Locate the line that contains "tại Hoà Bình" in the entries below, then repeat it and every following line through the line that contains "Ricitos De Oro Storyboard By F4309b2d", exactly, and no others.

** Input material follows **

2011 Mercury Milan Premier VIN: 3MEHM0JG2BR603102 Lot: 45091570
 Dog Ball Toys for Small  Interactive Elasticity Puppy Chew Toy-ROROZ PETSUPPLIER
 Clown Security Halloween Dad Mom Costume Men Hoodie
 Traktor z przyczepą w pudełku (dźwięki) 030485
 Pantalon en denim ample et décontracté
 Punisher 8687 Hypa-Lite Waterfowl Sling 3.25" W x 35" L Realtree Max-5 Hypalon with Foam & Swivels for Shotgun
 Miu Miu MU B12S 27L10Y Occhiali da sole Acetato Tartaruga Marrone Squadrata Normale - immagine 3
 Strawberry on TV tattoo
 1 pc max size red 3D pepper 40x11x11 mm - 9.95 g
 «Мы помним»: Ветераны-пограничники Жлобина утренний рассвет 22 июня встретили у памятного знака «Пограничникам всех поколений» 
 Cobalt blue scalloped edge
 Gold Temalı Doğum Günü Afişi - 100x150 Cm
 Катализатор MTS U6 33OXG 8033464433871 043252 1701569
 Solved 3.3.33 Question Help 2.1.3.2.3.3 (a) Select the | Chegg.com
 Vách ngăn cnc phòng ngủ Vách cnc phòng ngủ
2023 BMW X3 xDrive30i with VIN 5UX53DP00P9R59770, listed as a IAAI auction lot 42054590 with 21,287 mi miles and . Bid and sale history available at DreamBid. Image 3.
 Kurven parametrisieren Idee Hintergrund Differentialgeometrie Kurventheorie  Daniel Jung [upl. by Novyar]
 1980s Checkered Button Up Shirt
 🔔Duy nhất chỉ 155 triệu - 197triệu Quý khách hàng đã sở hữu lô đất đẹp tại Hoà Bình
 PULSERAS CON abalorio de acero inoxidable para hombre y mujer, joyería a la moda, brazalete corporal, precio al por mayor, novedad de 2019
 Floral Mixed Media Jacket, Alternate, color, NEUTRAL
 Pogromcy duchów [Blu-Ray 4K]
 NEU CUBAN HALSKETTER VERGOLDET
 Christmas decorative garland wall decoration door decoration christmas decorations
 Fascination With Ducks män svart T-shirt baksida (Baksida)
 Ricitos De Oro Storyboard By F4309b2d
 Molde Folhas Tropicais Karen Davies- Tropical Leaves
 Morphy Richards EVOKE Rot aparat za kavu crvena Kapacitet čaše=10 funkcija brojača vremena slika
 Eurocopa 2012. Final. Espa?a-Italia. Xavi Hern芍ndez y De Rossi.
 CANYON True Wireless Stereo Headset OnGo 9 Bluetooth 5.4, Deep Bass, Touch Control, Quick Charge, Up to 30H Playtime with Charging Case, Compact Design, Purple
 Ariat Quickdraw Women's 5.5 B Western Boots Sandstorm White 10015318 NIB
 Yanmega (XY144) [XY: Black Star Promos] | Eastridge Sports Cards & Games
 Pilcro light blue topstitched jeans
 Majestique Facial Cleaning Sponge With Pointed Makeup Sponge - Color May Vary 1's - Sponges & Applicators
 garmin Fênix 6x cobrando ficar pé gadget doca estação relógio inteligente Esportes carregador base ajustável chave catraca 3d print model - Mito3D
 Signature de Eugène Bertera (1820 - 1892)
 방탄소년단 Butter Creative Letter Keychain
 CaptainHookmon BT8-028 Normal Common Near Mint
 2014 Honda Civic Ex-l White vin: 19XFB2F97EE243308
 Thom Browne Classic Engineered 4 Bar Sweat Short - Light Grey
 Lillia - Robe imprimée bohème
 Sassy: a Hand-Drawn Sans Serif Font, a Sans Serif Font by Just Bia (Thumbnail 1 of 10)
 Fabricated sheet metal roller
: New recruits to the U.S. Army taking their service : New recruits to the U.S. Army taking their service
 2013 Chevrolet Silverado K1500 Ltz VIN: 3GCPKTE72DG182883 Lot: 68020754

** End of Input material **

■ **Answer box**:
 🔔Duy nhất chỉ 155 triệu - 197triệu Quý khách hàng đã sở hữu lô đất đẹp tại Hoà Bình
 PULSERAS CON abalorio de acero inoxidable para hombre y mujer, joyería a la moda, brazalete corporal, precio al por mayor, novedad de 2019
 Floral Mixed Media Jacket, Alternate, color, NEUTRAL
 Pogromcy duchów [Blu-Ray 4K]
 NEU CUBAN HALSKETTER VERGOLDET
 Christmas decorative garland wall decoration door decoration christmas decorations
 Fascination With Ducks män svart T-shirt baksida (Baksida)
 Ricitos De Oro Storyboard By F4309b2d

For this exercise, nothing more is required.